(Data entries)
■ ■ ■ ■
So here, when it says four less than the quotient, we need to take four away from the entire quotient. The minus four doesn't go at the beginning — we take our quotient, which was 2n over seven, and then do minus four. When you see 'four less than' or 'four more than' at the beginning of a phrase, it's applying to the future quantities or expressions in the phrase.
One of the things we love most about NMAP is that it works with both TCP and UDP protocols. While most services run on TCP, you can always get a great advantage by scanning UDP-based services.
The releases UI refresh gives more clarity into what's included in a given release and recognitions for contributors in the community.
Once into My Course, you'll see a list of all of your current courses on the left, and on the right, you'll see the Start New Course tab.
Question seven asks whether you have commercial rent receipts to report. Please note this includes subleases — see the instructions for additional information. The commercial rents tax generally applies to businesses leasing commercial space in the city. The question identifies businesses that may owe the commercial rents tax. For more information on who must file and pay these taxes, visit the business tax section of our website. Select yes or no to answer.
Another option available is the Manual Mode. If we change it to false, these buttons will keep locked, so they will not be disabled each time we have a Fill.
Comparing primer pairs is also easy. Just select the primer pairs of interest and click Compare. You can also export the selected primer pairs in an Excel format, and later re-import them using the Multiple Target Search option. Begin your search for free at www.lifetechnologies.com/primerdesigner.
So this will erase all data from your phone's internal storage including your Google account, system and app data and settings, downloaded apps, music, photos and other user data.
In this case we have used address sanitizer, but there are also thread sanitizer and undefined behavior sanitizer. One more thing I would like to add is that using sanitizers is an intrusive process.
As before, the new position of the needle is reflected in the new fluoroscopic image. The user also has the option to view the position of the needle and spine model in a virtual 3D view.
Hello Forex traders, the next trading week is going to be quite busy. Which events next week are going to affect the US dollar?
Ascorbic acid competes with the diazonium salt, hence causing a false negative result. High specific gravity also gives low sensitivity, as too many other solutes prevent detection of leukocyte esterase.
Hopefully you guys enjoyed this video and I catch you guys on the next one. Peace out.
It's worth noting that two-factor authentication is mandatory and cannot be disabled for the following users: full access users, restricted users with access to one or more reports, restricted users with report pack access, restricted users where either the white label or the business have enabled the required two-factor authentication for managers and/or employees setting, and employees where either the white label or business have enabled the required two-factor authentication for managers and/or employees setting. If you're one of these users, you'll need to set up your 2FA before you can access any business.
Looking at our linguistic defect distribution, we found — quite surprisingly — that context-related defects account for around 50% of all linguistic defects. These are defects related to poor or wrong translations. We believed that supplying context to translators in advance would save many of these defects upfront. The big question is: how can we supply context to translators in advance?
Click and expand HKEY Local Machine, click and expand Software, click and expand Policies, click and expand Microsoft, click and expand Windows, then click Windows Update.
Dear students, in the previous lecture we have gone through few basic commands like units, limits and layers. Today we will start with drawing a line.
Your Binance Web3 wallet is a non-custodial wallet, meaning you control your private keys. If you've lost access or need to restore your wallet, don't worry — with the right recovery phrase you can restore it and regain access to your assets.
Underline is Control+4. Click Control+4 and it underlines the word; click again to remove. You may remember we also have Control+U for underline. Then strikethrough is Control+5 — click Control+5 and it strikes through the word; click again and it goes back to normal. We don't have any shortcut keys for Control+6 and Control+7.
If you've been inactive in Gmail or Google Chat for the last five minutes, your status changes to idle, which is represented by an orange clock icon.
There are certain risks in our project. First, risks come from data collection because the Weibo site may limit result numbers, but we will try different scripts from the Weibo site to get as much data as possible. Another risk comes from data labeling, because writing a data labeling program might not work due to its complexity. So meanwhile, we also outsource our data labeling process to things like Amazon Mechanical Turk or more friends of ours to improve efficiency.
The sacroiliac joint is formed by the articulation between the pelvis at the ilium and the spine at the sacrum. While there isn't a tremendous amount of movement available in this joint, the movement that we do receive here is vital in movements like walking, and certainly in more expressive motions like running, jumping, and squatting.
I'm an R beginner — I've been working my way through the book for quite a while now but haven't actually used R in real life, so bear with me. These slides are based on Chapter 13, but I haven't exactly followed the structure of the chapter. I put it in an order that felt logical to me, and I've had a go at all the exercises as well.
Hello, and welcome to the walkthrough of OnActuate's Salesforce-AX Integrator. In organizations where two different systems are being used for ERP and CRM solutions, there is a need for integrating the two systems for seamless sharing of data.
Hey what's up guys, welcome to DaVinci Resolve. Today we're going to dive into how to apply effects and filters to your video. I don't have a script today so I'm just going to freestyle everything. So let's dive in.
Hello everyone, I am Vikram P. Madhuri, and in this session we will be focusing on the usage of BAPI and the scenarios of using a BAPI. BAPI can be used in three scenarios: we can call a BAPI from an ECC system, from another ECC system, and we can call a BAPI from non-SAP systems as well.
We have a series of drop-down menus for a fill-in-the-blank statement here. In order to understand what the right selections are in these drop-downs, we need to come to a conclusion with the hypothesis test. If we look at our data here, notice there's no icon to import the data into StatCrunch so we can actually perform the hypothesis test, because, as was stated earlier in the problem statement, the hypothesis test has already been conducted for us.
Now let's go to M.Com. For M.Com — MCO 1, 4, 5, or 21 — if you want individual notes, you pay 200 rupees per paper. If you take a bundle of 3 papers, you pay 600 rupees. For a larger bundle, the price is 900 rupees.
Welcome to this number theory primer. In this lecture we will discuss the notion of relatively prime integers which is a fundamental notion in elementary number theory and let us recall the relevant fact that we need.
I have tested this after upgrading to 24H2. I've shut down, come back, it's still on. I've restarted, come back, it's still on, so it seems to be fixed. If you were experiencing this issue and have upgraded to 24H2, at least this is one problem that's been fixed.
■ ■ ■ ■
* _Your assignment_:
The answer should consist solely of the lines from the first line above through the one with "Once into My", both included, repeated exactly.

* _Expected answer_:
So here, when it says four less than the quotient, we need to take four away from the entire quotient. The minus four doesn't go at the beginning — we take our quotient, which was 2n over seven, and then do minus four. When you see 'four less than' or 'four more than' at the beginning of a phrase, it's applying to the future quantities or expressions in the phrase.
One of the things we love most about NMAP is that it works with both TCP and UDP protocols. While most services run on TCP, you can always get a great advantage by scanning UDP-based services.
The releases UI refresh gives more clarity into what's included in a given release and recognitions for contributors in the community.
Once into My Course, you'll see a list of all of your current courses on the left, and on the right, you'll see the Start New Course tab.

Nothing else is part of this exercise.